詩と革命

  「どっちがえらいだろうか、詩人と
   人々に物質的利益を
   もたらす
   技術者とでは?
   両方ともだ。
   心臓は ともに同じモーター。
   精神は これもひとしく精巧なエンジン。
   ぼくらは 平等である。
   ともに労働者大衆のなかの同志。
   からだも心もプロレタリアだ。
   いっしょに力を合わせてこそ
   世界を ぼくら かざりたて
   行進曲をとどろかすことも できる。
   ことばの嵐にたいして 防波堤をきずくことも できるんだ。
   仕事にかかろう!
   労働は 生き生きしてるし 新しいぞ。」


     マヤコフスキー詩集「詩人労働者」より


マヤコフスキーのことは詳しくは知らない。
芸術と詩を愛する青年が社会主義革命、ソビエトの理想に燃えて
やがて拳銃自殺に至った。


マヤコフスキー君、私はしかし、詩人ではないし
最近は労働者ですらないんだよ。
すまない。

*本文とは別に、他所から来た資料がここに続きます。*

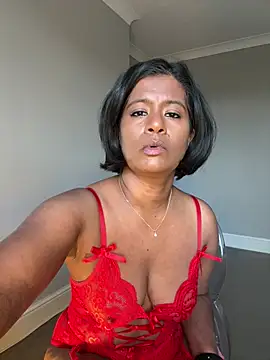 Snapshot of RoseMelanie chatting on 28, 4, 2026 RoseMelanie online show from 28, 4, 2026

革命の理想以前に労働の意欲から失っているんだよ。


本の整理をして、私の本を2割くらい処分した。
夫にも「あなたの本で処分したいのあれば出して」と言ったら
完全雪崩状態の自分の本棚を前に「一冊も手放さない」と豪語された。

しかし、私が自分の分だけを粛々と作業していたら
夫も気が変わったのか「これ処分ね」と紙袋ひとつ分出してきた。
その中に古いマヤコフスキー詩集。
 
 夫、こんなの持ってたのか。
 良いねこのロシアアヴァンギャルドっぽい装丁 

  
 この背表紙のカタカナのフォントも
 古いビラ文字ぽい風情で良いね。

夫は装丁がかっこいいのでずっと持ってたけれど読まないから、と。
私も読まないね。しかし捨てる気持ちにはならないので古書店へ持ち込み。


そして地元の古書店(量販店ではない)へほかの本と一緒に持っていったところ
買い取り価格ゼロ査定。古紙扱いとなることが判明。

他のゼロ円査定本はともかく、このマヤコフスキーだけは不憫になって
思わずまた自宅に連れ帰ってしまった。
意地になってつい読んでしまった。



片付けの道は険しい。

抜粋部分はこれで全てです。